* [To do]: Transcribe exactly everything in the data below from the line containing "Purple Ghost Plant" down to the line containing "C1499c4b 6316 45b9", both lines included and nothing further.

* [Records shown]:
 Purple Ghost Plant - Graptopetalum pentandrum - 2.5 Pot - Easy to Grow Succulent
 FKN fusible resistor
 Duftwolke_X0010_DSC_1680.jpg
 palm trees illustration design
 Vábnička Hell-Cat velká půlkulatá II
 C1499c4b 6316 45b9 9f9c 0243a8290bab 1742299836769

---

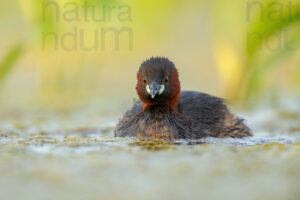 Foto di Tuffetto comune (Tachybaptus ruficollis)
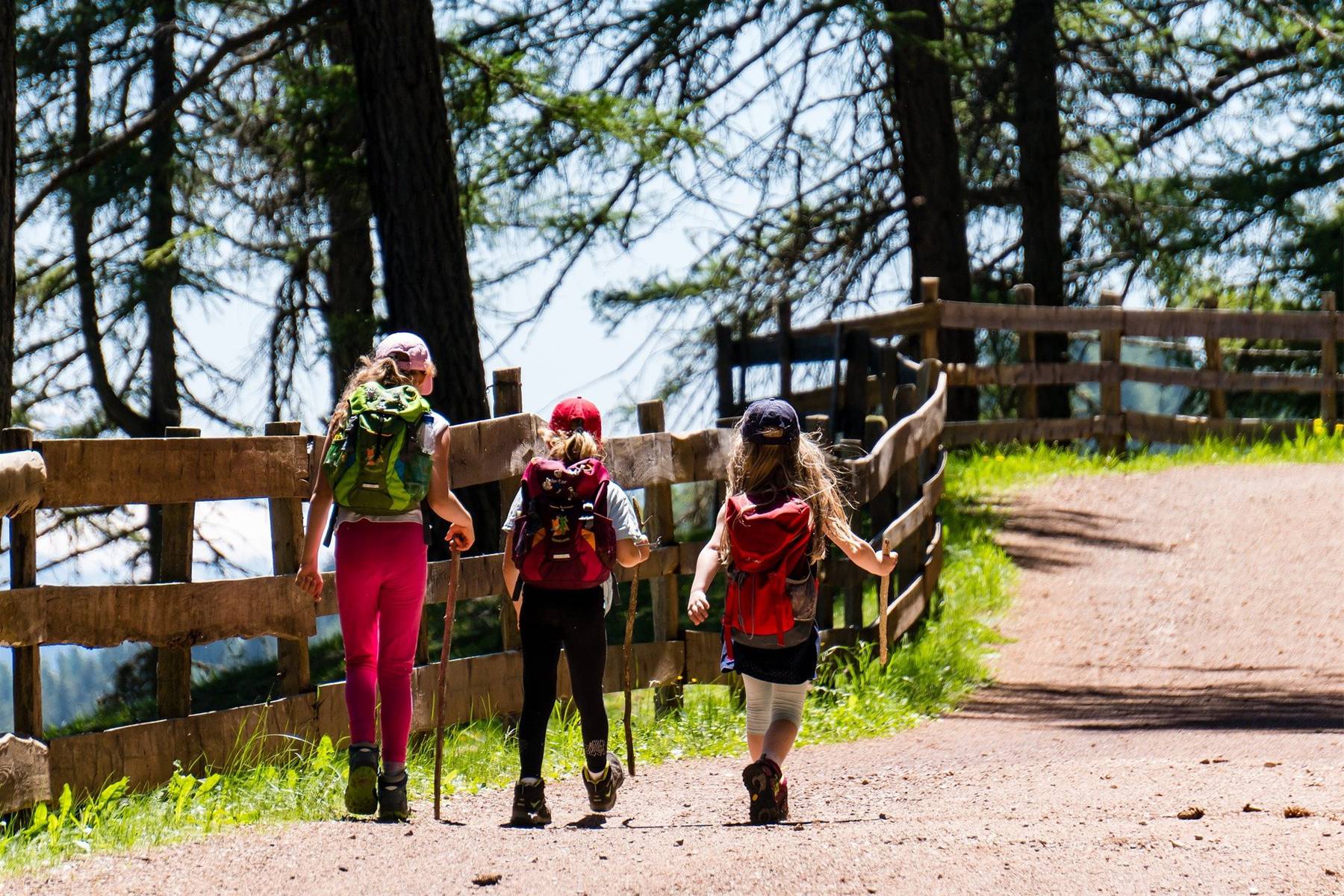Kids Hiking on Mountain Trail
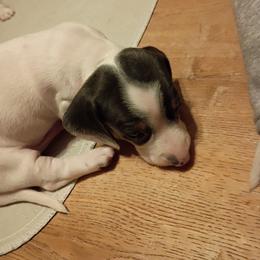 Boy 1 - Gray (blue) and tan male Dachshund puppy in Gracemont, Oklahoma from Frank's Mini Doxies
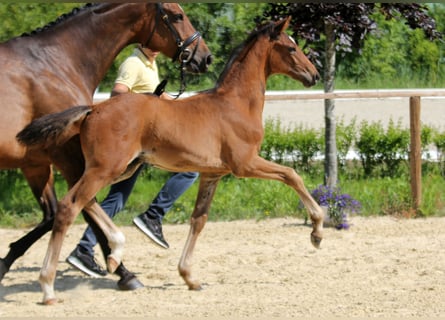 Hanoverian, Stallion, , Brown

* [Completed exercise]:
 Purple Ghost Plant - Graptopetalum pentandrum - 2.5 Pot - Easy to Grow Succulent
 FKN fusible resistor
 Duftwolke_X0010_DSC_1680.jpg
 palm trees illustration design
 Vábnička Hell-Cat velká půlkulatá II
 C1499c4b 6316 45b9 9f9c 0243a8290bab 1742299836769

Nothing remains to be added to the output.